Any idea of what might be causing this?

The text was updated successfully, but these errors were encountered:

unknwon · 2015-08-20T14:01:39Z

Thanks your detailed feedback!

Any idea of what might be causing this?

In my opinion, I think it's not a topic about what causes this, instead, it is because Gogs hasn't had a cache system for repository Git data(it reloads everything every time you visit a page).

The speed should be improved at some point in the future release.

Hope my explanation help you understand. 😄

cameron314 · 2015-08-20T16:18:22Z

Ah OK, so this is normal?

unknwon · 2015-08-20T16:23:17Z

At least it is expected for me when:

I have a repository with 30 entries in the root, and 147 folders in a nested folder.

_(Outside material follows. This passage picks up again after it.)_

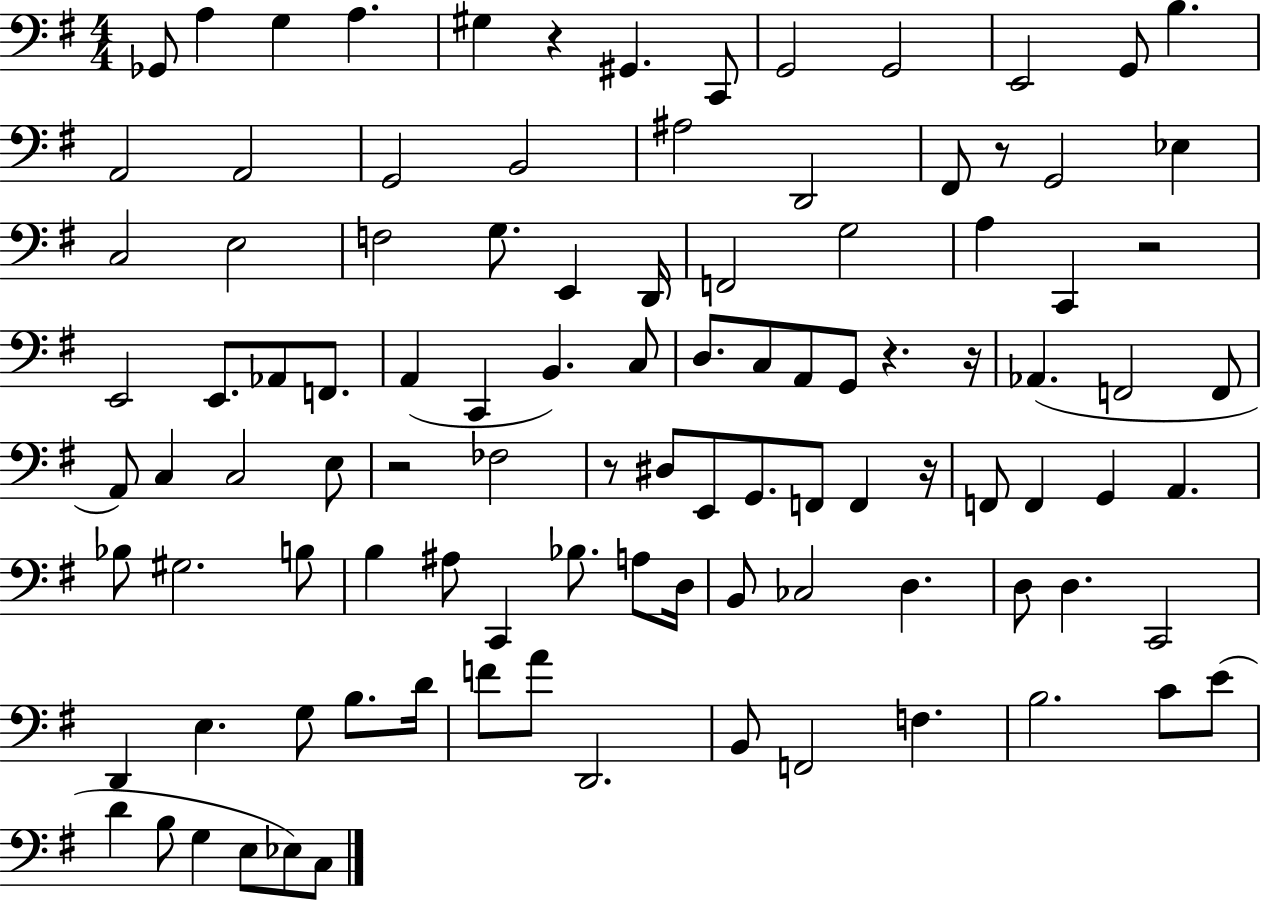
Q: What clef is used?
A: bass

cameron314 · 2015-08-20T16:24:06Z

Got it :-) It's really a pretty small repository, it's just spread over a lot of files.

unknwon · 2015-08-20T16:28:41Z

Yeah, so parse file header info takes time, cache(when implemented) would definitely help!

cameron314 · 2015-08-20T17:02:46Z

Hmm, I wonder -- would it help much if the calls to git were batched by changeset? Often many files were changed at the same time.

The calls to git log -1 for each sha1 could have multiple paths appended instead of just one at a time.

cameron314 · 2015-08-20T21:17:52Z

Hmm, turns out git log -1 path1 path2 doesn't work that way -- it yields the top commit among the set of commits for both files together (one output), instead of the top commit per file (two outputs). Too bad.

This is related to #684.

hasufell · 2015-10-01T17:11:18Z

this is currently a show-stopper for something like this repo: https://github.com/gentoo/gentoo

unknwon · 2015-12-20T02:53:05Z

Performance is enhanced.

Rukenshia · 2016-03-14T12:24:29Z

This is still a thing: https://try.gogs.io/Rukenshia/loonix

It is impossible to browse this repository properly. Loading the "Documentation" folder takes over 45 seconds for me. I dont know how gogs handles viewing the tree, but maybe an idea would be some kind of loading the file info delayed (last commit on that file/directory). I think GitLab does this too.

@unknwon can you tell me whether gogs loads the complete tree of the repository when viewing the repo?

hasufell · 2016-03-14T14:08:01Z

Yeah, I too think that caching is not the only answer. The answer is to just show a loading icon for the git commit info, have the information being gathered in the background and just show it when it's available, while still allowing other operations that don't need that information.

cameron314 · 2016-03-14T15:33:41Z

Gogs finds only the information necessary for the immediate files in the folder being displayed, not the whole tree. But internally, git itself goes through its entire history looking for each child file/folder to get the most recent commit. Git's data structures are really not made for that kind of query.

hasufell · 2016-03-14T15:36:34Z

Gogs finds only the information necessary for the immediate files in the folder being displayed,

I don't think you need commit hash, commit message and modification date to just browse the repository, do you (and these are what takes so long)? So these information can be loaded while the tree itself is already shown.

cameron314 · 2016-03-14T15:44:49Z

Sorry, I wasn't clear. I meant as opposed to loading the information for the whole tree, as Rukenshia was wondering.

I agree that if the information cannot be obtained instantly, preventing the UI from blocking by fetching it in the background is a good idea.

unknwon · 2016-03-14T20:41:39Z

I might use https://github.com/src-d/go-git to test see if we can have any performance gain.

cameron314 · 2016-03-14T21:02:18Z

I tried at one point to implement the same functionality using the git C API directly (from C code), taking in the whole list of files as input instead of a single one at a time. No matter what I tried, it was still slower than invoking the git process one file at a time, which of course is already too slow.

Fundamentally, whatever client is used, git's data structures don't allow this sort of query to be done quickly.

unknwon · 2016-03-14T21:06:10Z

@cameron314 One git process execution is under 100ms on my dev machine, and I can speed up with unlimited processes running at the same time, but this cause many problems on machines with small memory, so right now it is hard limited to 10 at maximum.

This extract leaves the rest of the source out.